→ Brief
In the records that follow, skip the pictures and print everything else exactly.

→ Records for this exercise
____

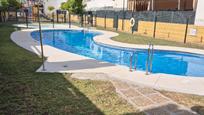 Piscina de Casa adosada en venda en Coria del Río amb Aire condicionat, Jardí privat i Internet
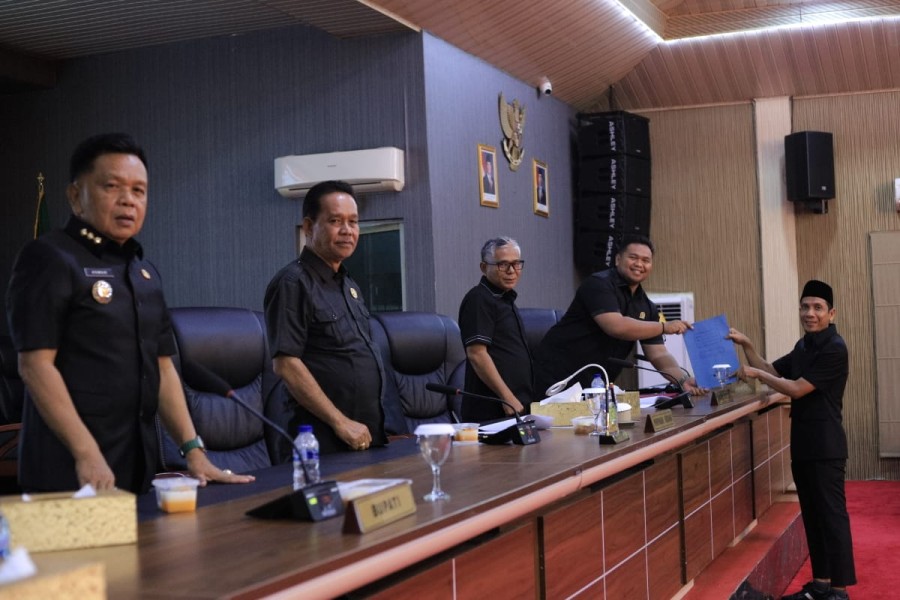 DPRD Kepulauan Meranti Gelar Paripurna Pandum Fraksi-fraksi dan Pendapat Bupati Terhadap Ranperda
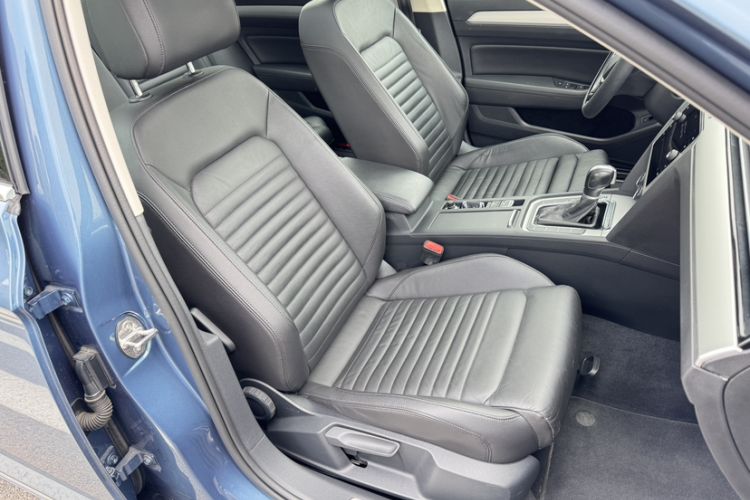 Used Volkswagen Variant 2018 380TSI Two-Wheel Drive Comfort Edition Interior 6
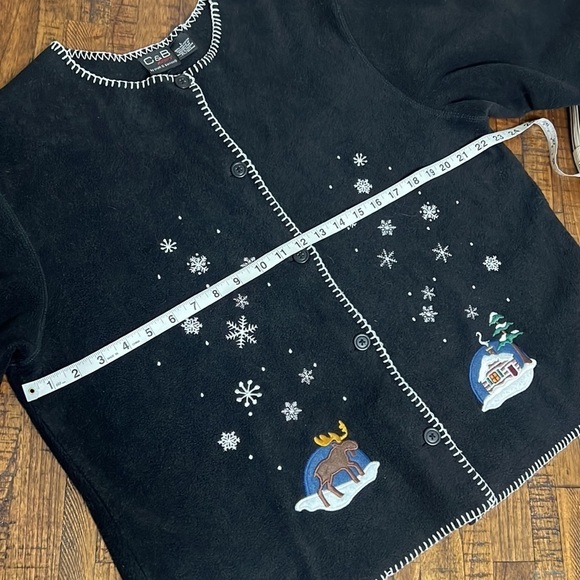 C & B fleece Winter Scene Cardigan Black with Cabin Moose Snowflakes Bear Large - Picture 7 of 10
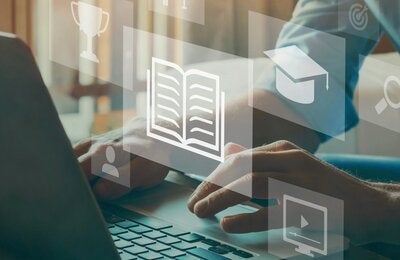 Persona utiliza computadora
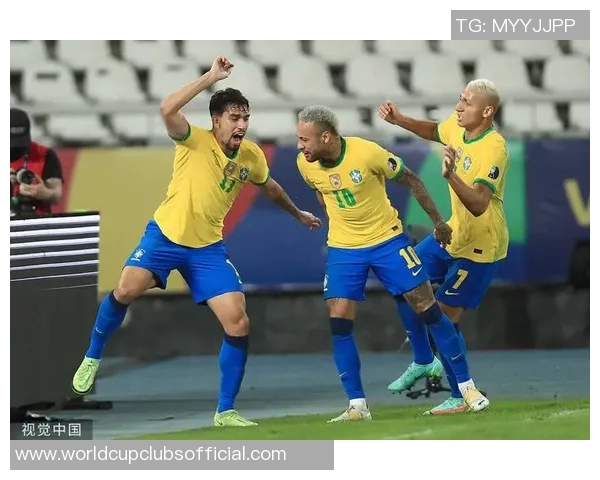 帕奎塔引领新潮流球场上的艺术家与战术大师的完美结合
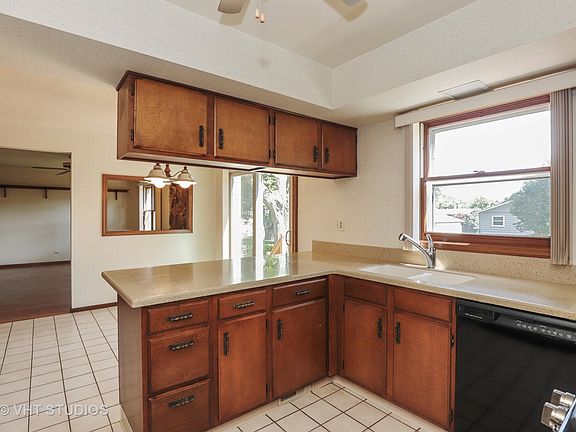 5th image of 17629 W Winnebago Dr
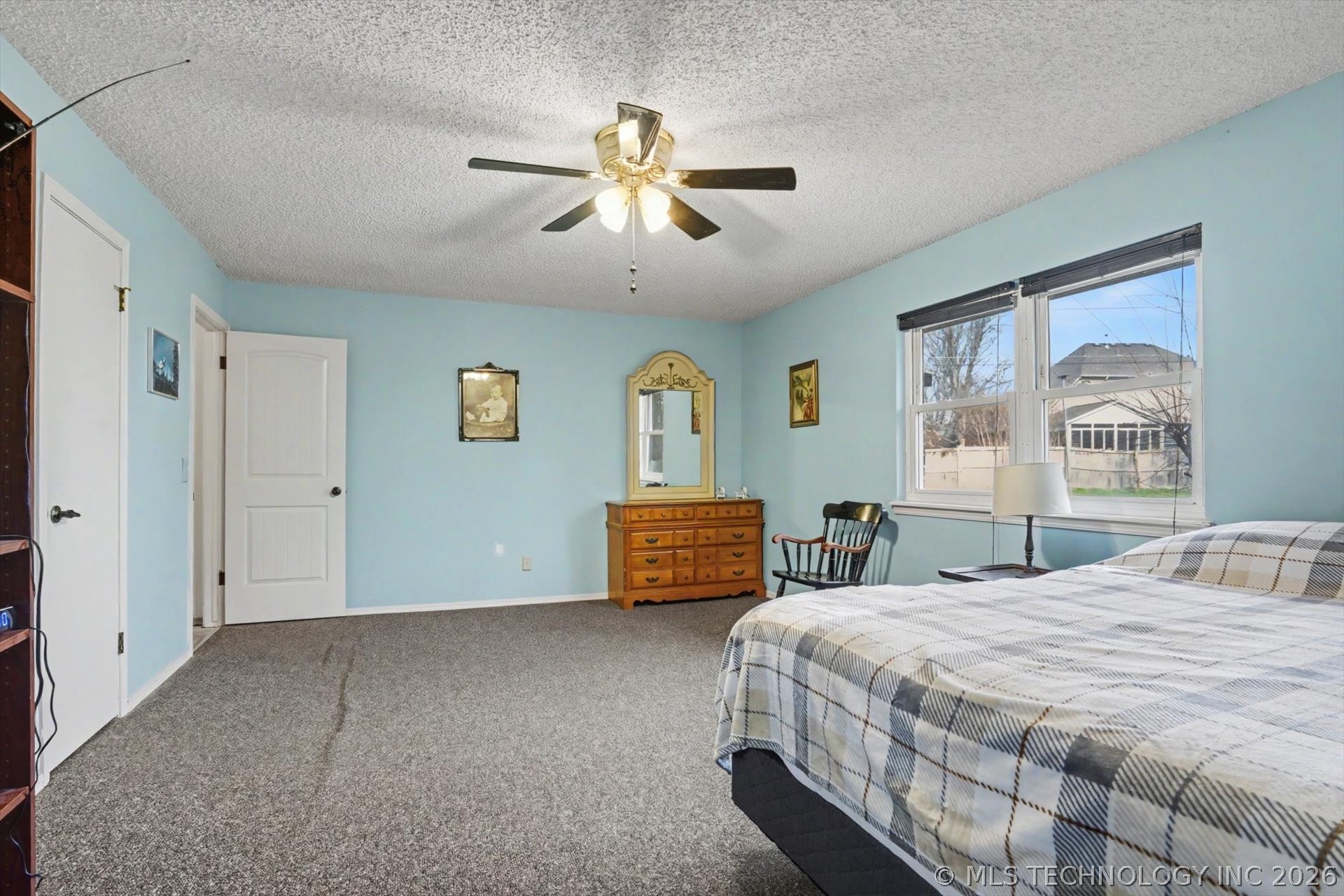 868 W Commercial Street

____

→ Answer for the task
 Piscina de Casa adosada en venda en Coria del Río amb Aire condicionat, Jardí privat i Internet
 DPRD Kepulauan Meranti Gelar Paripurna Pandum Fraksi-fraksi dan Pendapat Bupati Terhadap Ranperda
 Used Volkswagen Variant 2018 380TSI Two-Wheel Drive Comfort Edition Interior 6
 C & B fleece Winter Scene Cardigan Black with Cabin Moose Snowflakes Bear Large - Picture 7 of 10
 Persona utiliza computadora
 帕奎塔引领新潮流球场上的艺术家与战术大师的完美结合
 5th image of 17629 W Winnebago Dr
 868 W Commercial Street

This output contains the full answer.